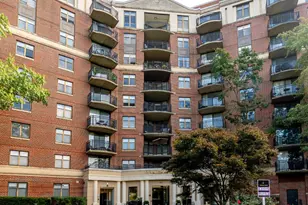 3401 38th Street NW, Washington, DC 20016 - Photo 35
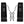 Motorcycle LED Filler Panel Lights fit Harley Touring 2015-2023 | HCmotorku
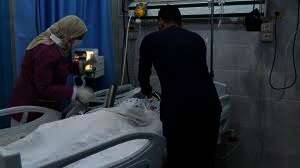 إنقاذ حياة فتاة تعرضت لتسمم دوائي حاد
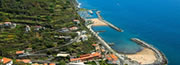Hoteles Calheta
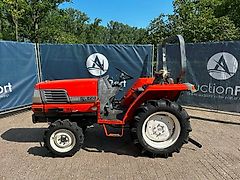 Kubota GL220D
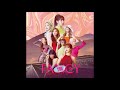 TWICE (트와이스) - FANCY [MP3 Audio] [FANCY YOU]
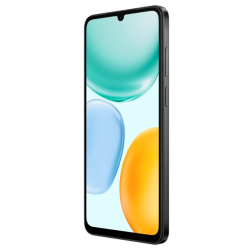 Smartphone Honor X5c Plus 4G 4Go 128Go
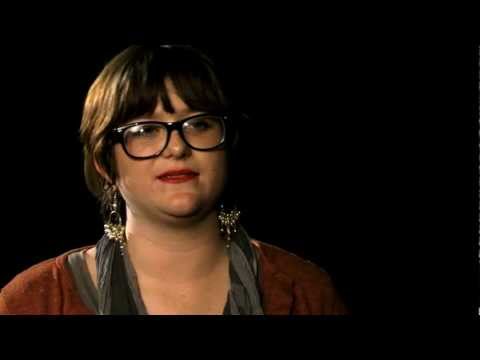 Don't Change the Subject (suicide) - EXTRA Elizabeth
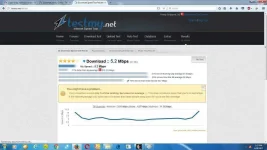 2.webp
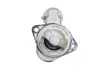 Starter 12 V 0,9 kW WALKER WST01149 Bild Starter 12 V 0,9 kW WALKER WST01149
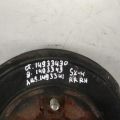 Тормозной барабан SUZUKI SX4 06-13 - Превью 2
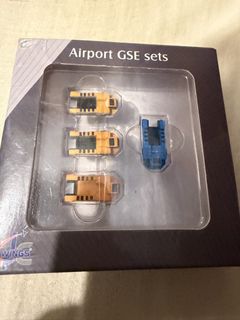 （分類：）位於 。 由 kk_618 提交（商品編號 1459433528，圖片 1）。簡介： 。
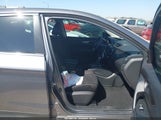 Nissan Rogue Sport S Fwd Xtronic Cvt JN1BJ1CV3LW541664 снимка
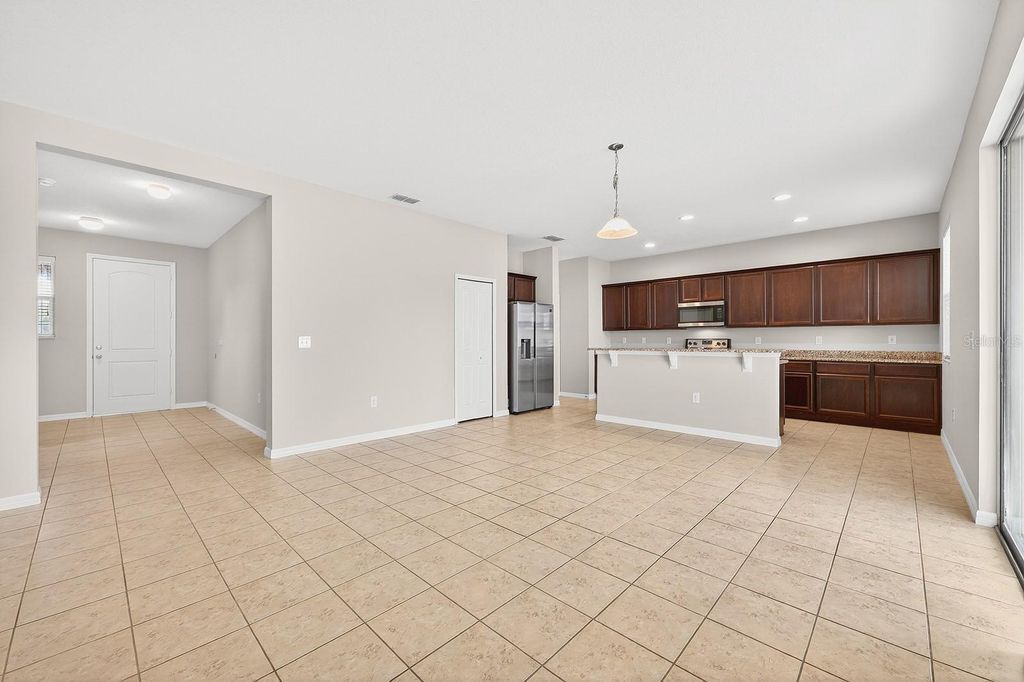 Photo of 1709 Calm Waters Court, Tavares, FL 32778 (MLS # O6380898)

---

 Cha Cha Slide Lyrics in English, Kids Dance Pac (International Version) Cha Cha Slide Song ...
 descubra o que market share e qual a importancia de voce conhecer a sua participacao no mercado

* _Exercise details_
Output only the lines above from the line that holds "3401 38th Street" through the line that holds "Photo of 1709", both ends included, and exclude pictures.

* _Answer space_
 3401 38th Street NW, Washington, DC 20016 - Photo 35
 Motorcycle LED Filler Panel Lights fit Harley Touring 2015-2023 | HCmotorku
 إنقاذ حياة فتاة تعرضت لتسمم دوائي حاد
Hoteles Calheta
 Kubota GL220D
 TWICE (트와이스) - FANCY [MP3 Audio] [FANCY YOU]
 Smartphone Honor X5c Plus 4G 4Go 128Go
 Don't Change the Subject (suicide) - EXTRA Elizabeth
 2.webp
 Starter 12 V 0,9 kW WALKER WST01149 Bild Starter 12 V 0,9 kW WALKER WST01149
 Тормозной барабан SUZUKI SX4 06-13 - Превью 2
 （分類：）位於 。 由 kk_618 提交（商品編號 1459433528，圖片 1）。簡介： 。
 Nissan Rogue Sport S Fwd Xtronic Cvt JN1BJ1CV3LW541664 снимка
 Photo of 1709 Calm Waters Court, Tavares, FL 32778 (MLS # O6380898)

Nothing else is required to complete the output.